▶ WHAT YOU HAVE TO DO
Below are records with pictures in them. Output exactly the lines from the one with "Classic Ensuite - Photo 2" through the one with "Фрилансер Александр Б.", both included, and leave every picture out; give only those lines.

▶ DATASET EXCERPTS

--------------------------------

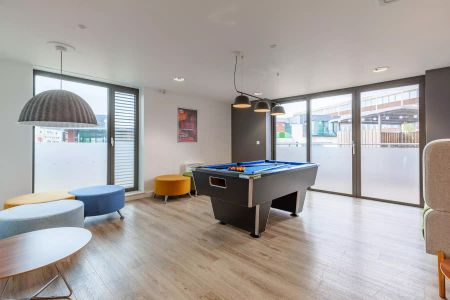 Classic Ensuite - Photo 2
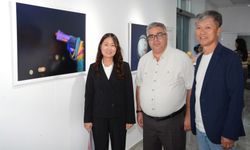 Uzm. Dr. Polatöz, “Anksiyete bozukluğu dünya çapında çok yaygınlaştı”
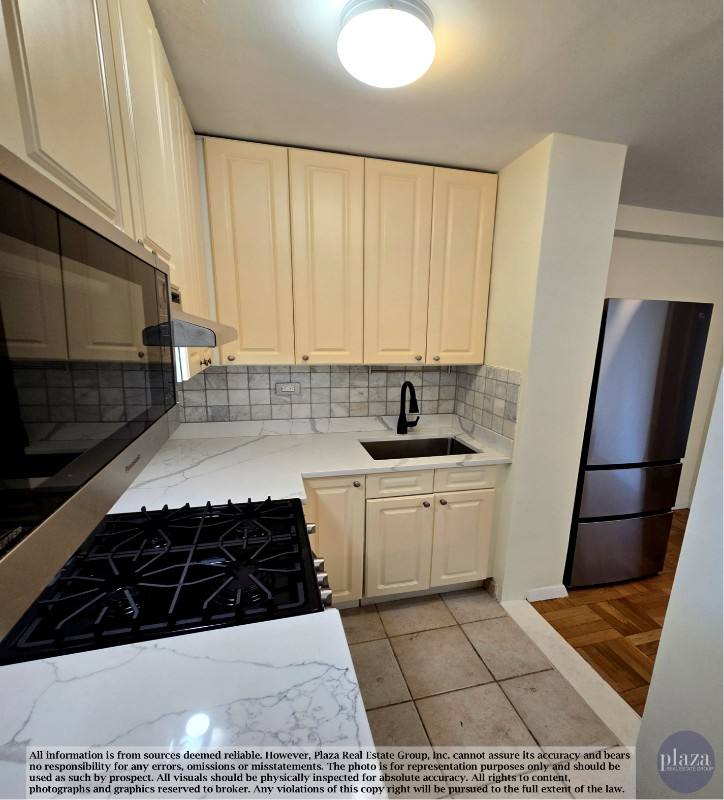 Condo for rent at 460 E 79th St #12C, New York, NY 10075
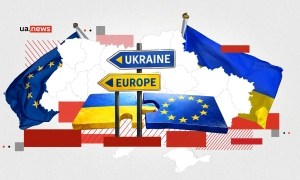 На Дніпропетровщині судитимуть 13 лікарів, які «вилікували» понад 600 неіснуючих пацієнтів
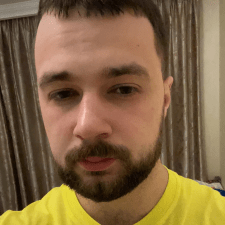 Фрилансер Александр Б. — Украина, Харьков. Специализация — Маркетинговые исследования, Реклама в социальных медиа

--------------------------------

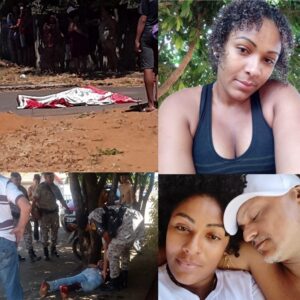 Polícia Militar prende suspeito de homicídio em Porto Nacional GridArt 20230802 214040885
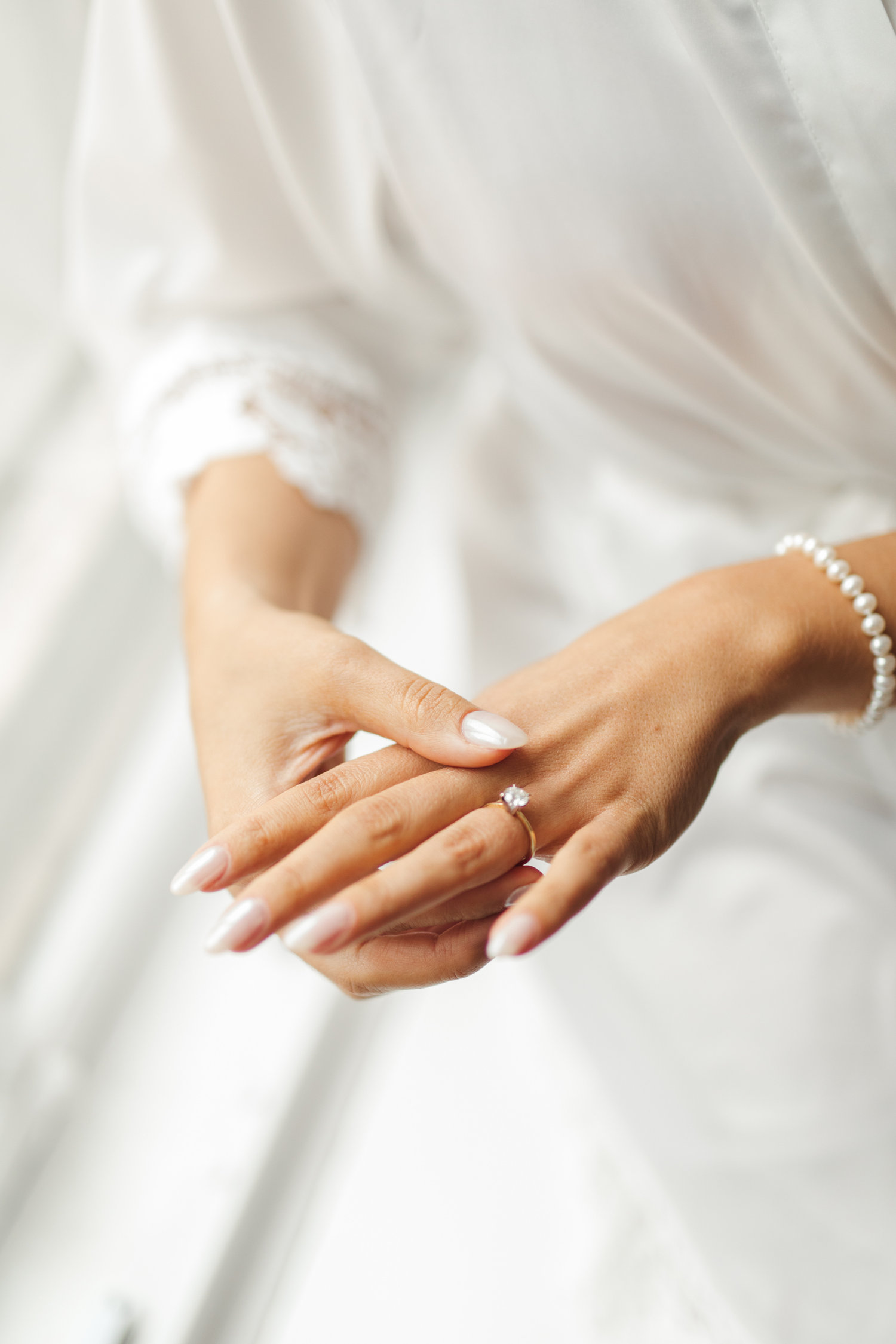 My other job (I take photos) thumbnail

--------------------------------

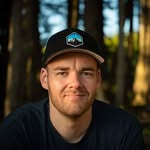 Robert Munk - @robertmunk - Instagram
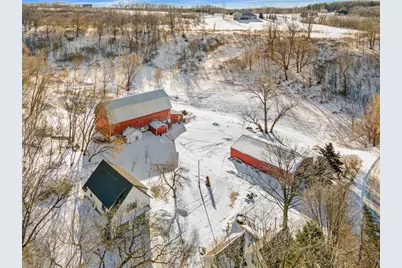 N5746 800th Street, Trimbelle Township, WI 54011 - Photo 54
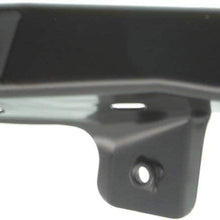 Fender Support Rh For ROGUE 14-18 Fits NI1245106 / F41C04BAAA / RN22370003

--------------------------------

▶ SOLUTION FOR THIS EXERCISE
 Classic Ensuite - Photo 2
 Uzm. Dr. Polatöz, “Anksiyete bozukluğu dünya çapında çok yaygınlaştı”
 Condo for rent at 460 E 79th St #12C, New York, NY 10075
 На Дніпропетровщині судитимуть 13 лікарів, які «вилікували» понад 600 неіснуючих пацієнтів
 Фрилансер Александр Б. — Украина, Харьков. Специализация — Маркетинговые исследования, Реклама в социальных медиа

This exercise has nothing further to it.